WASHINGTON (Web Desk) – A Pakistani-American national has confessed that he provided strategic advice and financial assistance to the attackers who stormed an office of Pakistan’s premier spy agency ISI in 2009.
Reaz Qadir Khan, 51, has admitted to “providing advice and financial assistance” to those who carried out the attack, the United States Attorney’s Office in Portland, Oregon, announced.
The bombing had killed approximately 30 people, mostly ISI employees, and injured 300 more. Khan’s main contact, Maldivian Abu Jaleel, was also killed in the suicide bombing.
Khan is a naturalised US citizen who lived in Portland and worked at a water treatment facility. He is an NED graduate and also has a master’s degree in engineering from a US university.

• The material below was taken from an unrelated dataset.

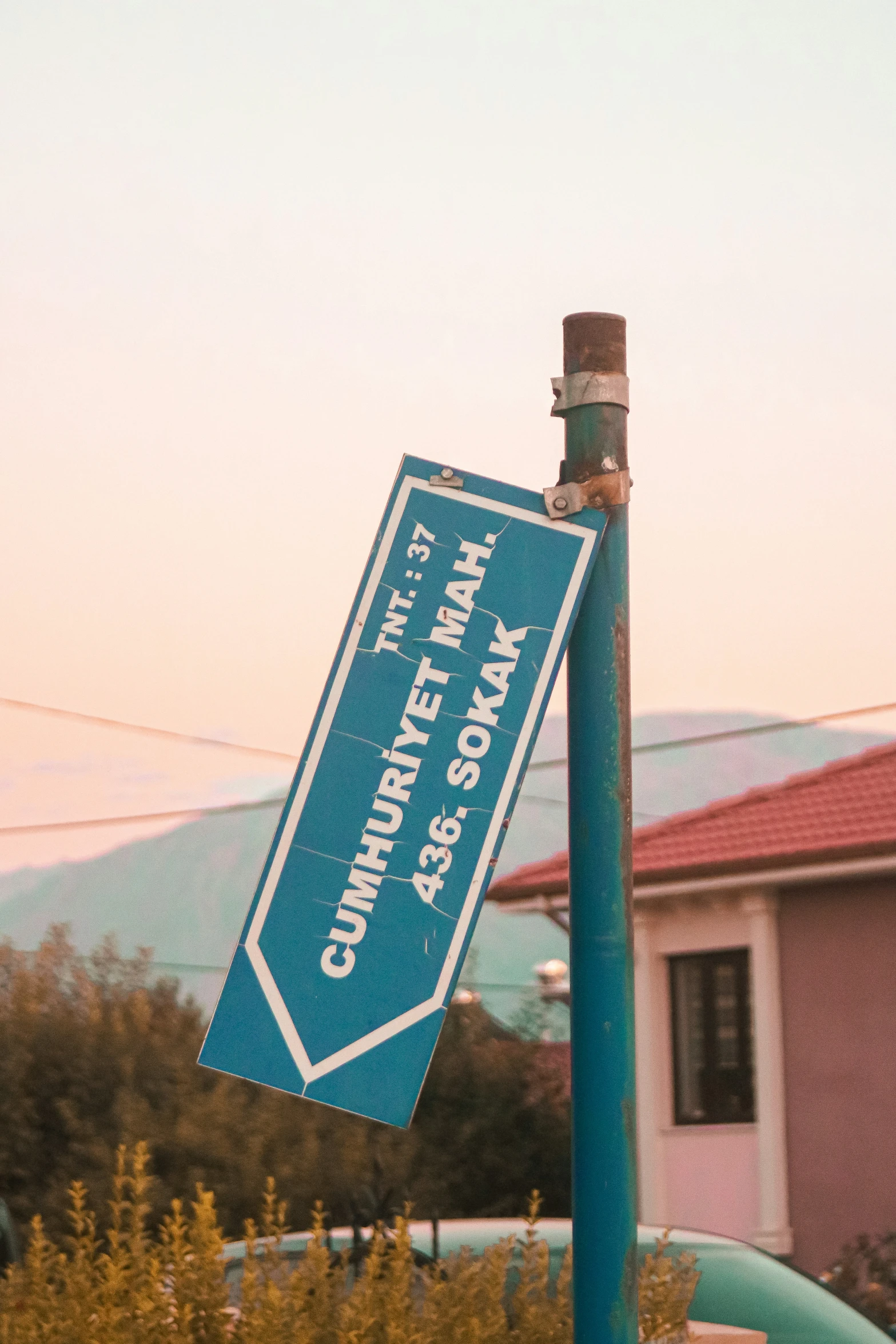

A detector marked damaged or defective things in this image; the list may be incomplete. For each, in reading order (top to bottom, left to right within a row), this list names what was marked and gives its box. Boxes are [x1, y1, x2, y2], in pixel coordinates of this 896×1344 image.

According to court documents, Khan sent money to Ali Jaleel, a citizen of the Maldives Islands, and two others who rammed a large, bomb-laden truck into ISI’s Lahore office on May 27, 2009.
Shortly after the attack, Al Qaeda released Jaleel’s video statement, claiming responsibility for the suicide bombing. The video also showed him preparing for the attack at a terrorists’ hideout in Fata.
Khan used emails and intermediaries to communicate with Jaleel and for sending money to him and his family.
He also sent him instructions on how to travel undetected in Pakistan.
The FBI initially arrested Khan on terrorism charges but later changed it to abetting and helping terrorists after he agreed to plead guilty. Under the arrangement, Khan can be sentenced to 87 months of imprisonment and can also be deported to Pakistan after serving his sentence.